With that method MuZero achieved good results quite quickly, as solving easier problems is generally quicker (less possible actions, and shorter game length) and less sensitive to hyper params. Also often hyperparams that are good for solving game from state no.(n+1) are similar to those that solve game from state no.(n). And the network from the easier variant is quite a good starting point for the harder one.

Method to start with supervised samples as starting point aside from isolating learning part, helps at start to overcome initial misalignment of latent states with observation - creates good starting point for networks, and may be useful for checking if network isn’t too small (have too few trainable parameters), as it should overfit to small number of samples.
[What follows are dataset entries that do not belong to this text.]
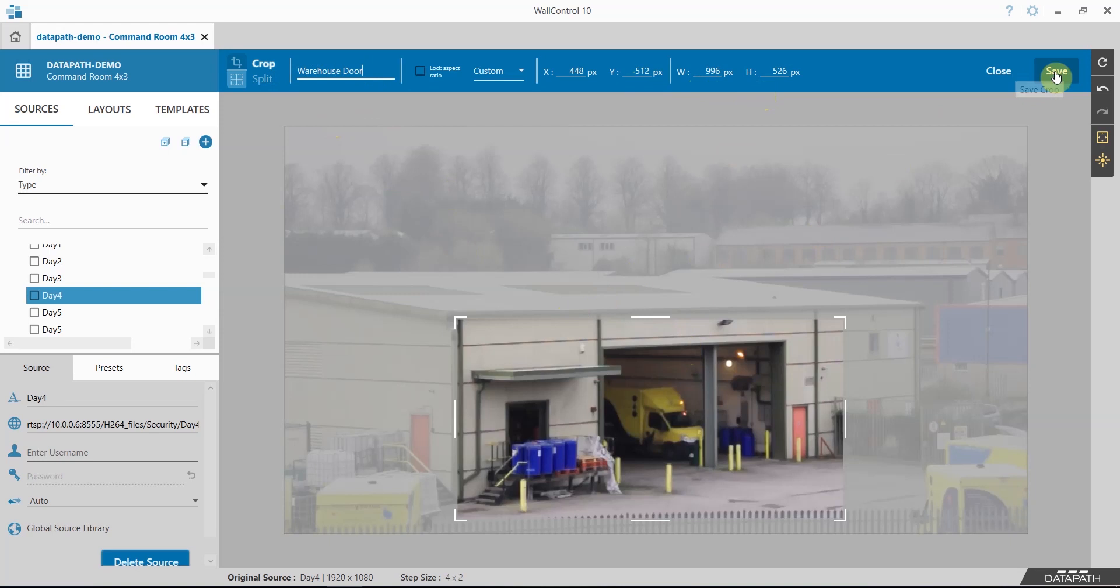And click save. If I've made an error I can go undo and redo, and if I would like a new static image I can refresh the screen capture.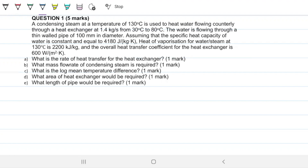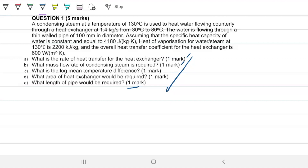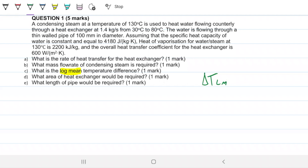This question is set up nicely as a step-by-step problem — solving the last part requires solving all the earlier parts anyway. When dealing with heat exchangers, there are two methods: the log mean temperature difference and the NTU method. Since NTU is not mentioned and the log mean temperature difference is explicitly asked for, we'll be using the delta T log mean method throughout.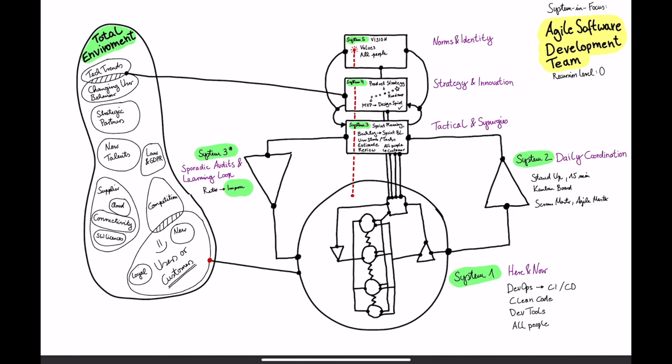Yeah that's it actually as a first example on how you can use the VSM.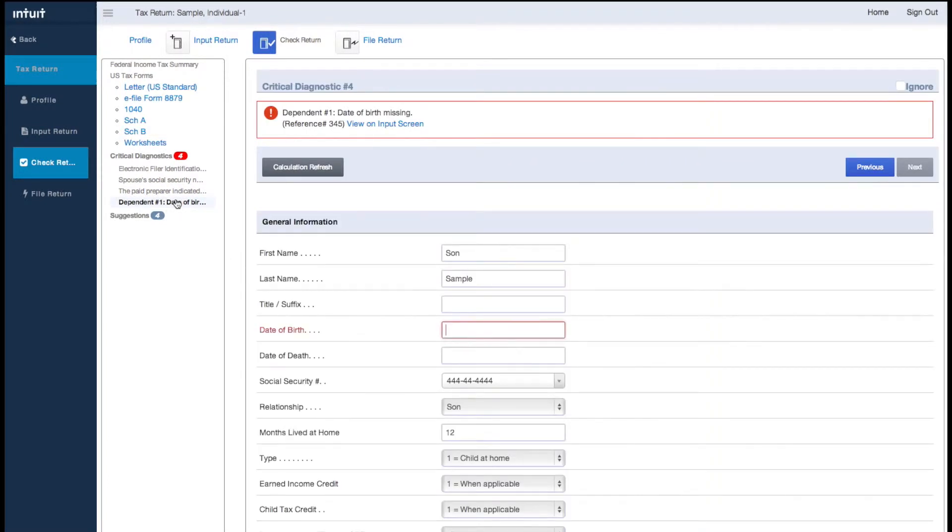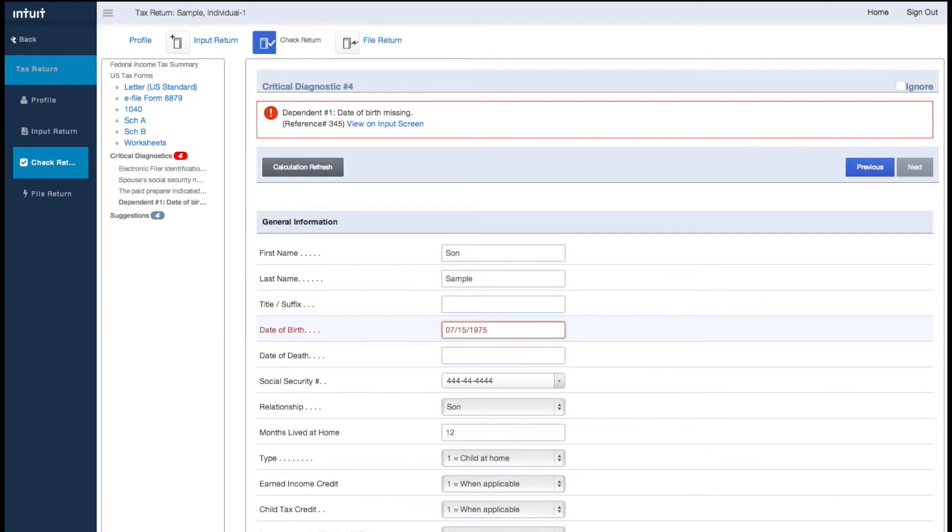To fix the issue with this return, I will click the Critical Diagnostics for Missing Date of Birth. The application will display the appropriate input screen and input field so I can quickly fix the error. Once it is corrected, I can click Next to move to the next issue.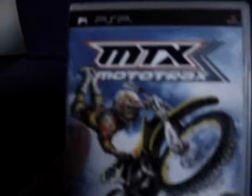And you've got MTX Mototrax, just like a motocross game really, on your motorbikes. Real good game, recommend that.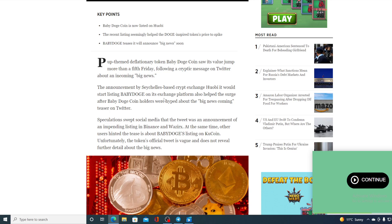After Baby Doge Coin holders were hyped about the big news coming teaser on Twitter, the tweet was very vague, so they did not guess what the next big surprise was to come.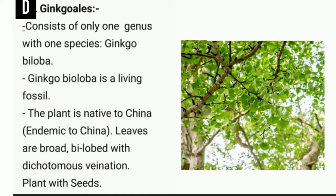The fourth order is Ginkgoales of class Coniferopsida. Ginkgoales consist of only one genus and one species — Ginkgo biloba — a living fossil native to China. The leaves are broad and bilobed, with dichotomous venation. Ginkgo biloba is the only gymnosperm species with dichotomous venation. On screen you can see the image of Ginkgo biloba, also used as an ornamental plant.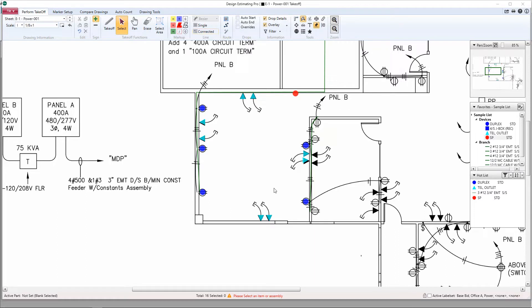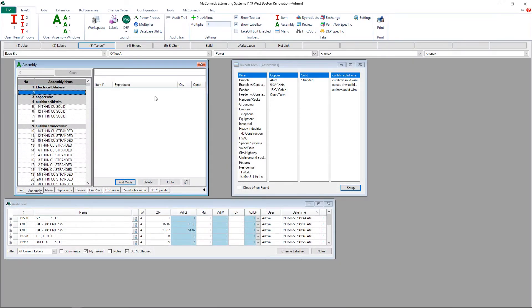Once you have completed the takeoff that you would like to make an assembly out of, the first part will be to figure out where you want to put the new assembly in your database. I've got mine set up to send the takeoff selection to.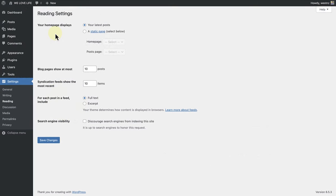It's important to note that if you choose your latest posts as your homepage display, you will need to build your homepage within the blog home template, depending on your theme.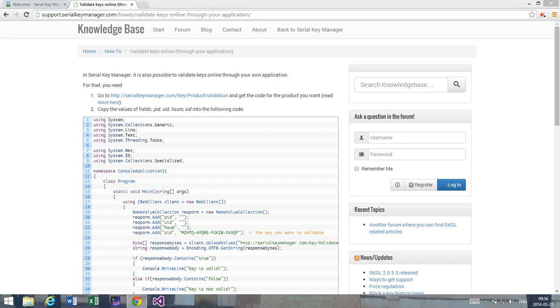Hello, and in this video I'm going to describe how it's possible to implement a licensing system into a .NET application which uses an external server to validate a license or serial key. I'm going to use Serial Key Manager as an example.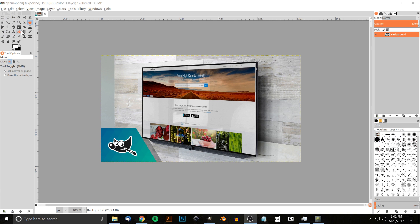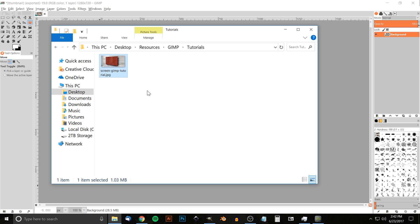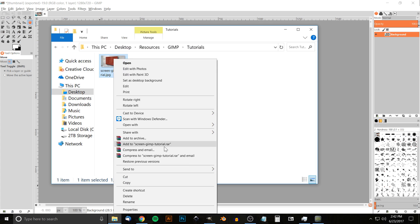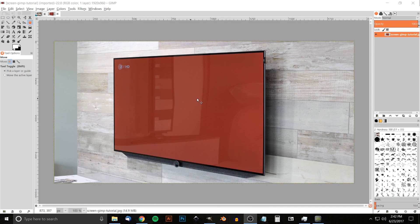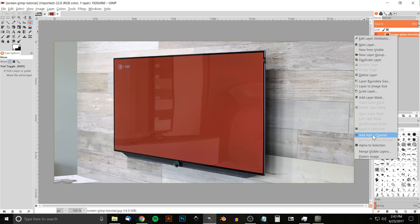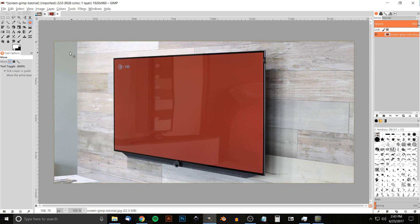If you'd like to know how you can customize GIMP with these updated icons, I'll have a link to that in the description. Let's go ahead and get started. The first thing I'm going to do is open up the image — I'll have that linked in the description — I'll just right-click and open it with GIMP. There we have our image. Now we want to right-click on the layer and add an alpha channel.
Partially that is how I observed (the rest played intuition) that the default neural network width may be too small to solve the whole game. Combined with rest params being quite good, it solved tic tac toe.

benchmarks

Detailed explanation about what things to look at, how curves should behave I recommend great article by Andy Jones Debugging RL, Without the Agonizing Pain

Summing up:

start with simpler variance of the problem
use good samples for supervised learning
tackle tuning params like a scientist (or like a rich man, when you’ve got half the world computing power to run grid-search)

Personal journey

I really enjoyed my summer coding. It was a great experience. Meeting with Jonathan shined a light on things to try next, especially when I hit a dead end. I learned a lot during this summer, especially about Julia and open-source workflow. I would recommend participating to GSoC to anyone who loves the idea of free code and is motivated to do some cool project.

Julia section

During profiling (which currently gives correct results only with -t 1 single thread) I discovered strange hash performance behaviour #41880.

Discovered also that TensorBoardLogger get stuck, when @log message from multiple threads #106.

Due to often CUDNN_STATUS_EXECUTION_FAILED (code 8)” errors (like here #57), gpu support is currently experimental and MuZero crashes at random moments.

Other things

During GSoC I done some other loosely related things, such as:

added some functionality to AlphaZero.jl: support for mancala game #42 #44
created wrapper for OpenSpiel.jl #68

Also, we were discussing integration ReinforcementLearning.jl - left for the future investigation, since RL.jl would need a lot of things to develop before. Discussion distributed RL - although due to my lack of experience participated only as a listener, got some valuable insights and broaden horizons.

Acknowledgments

Jonathan Laurent (main mentor) for creating AlphaZero.jl - backbone of this implementation, valuable insights at meetings and overall, being best kind of mentor
Jun Tian (second mentor) for ReinforcementLearning.jl, valuable discussions about it and distributed computing, and for connecting me with Jonathan
JuliaGPU team for access to cyclops - GPU cluster
Werner Duvaud and other creators for muzero-general package that was source of inspiration

The correlations between real observation and latent state aren’t examined yet (to my knowledge), and there may be some interesting results hidden there. Specially in stochastic environments - will MuZero create some kind of superposition ? ↩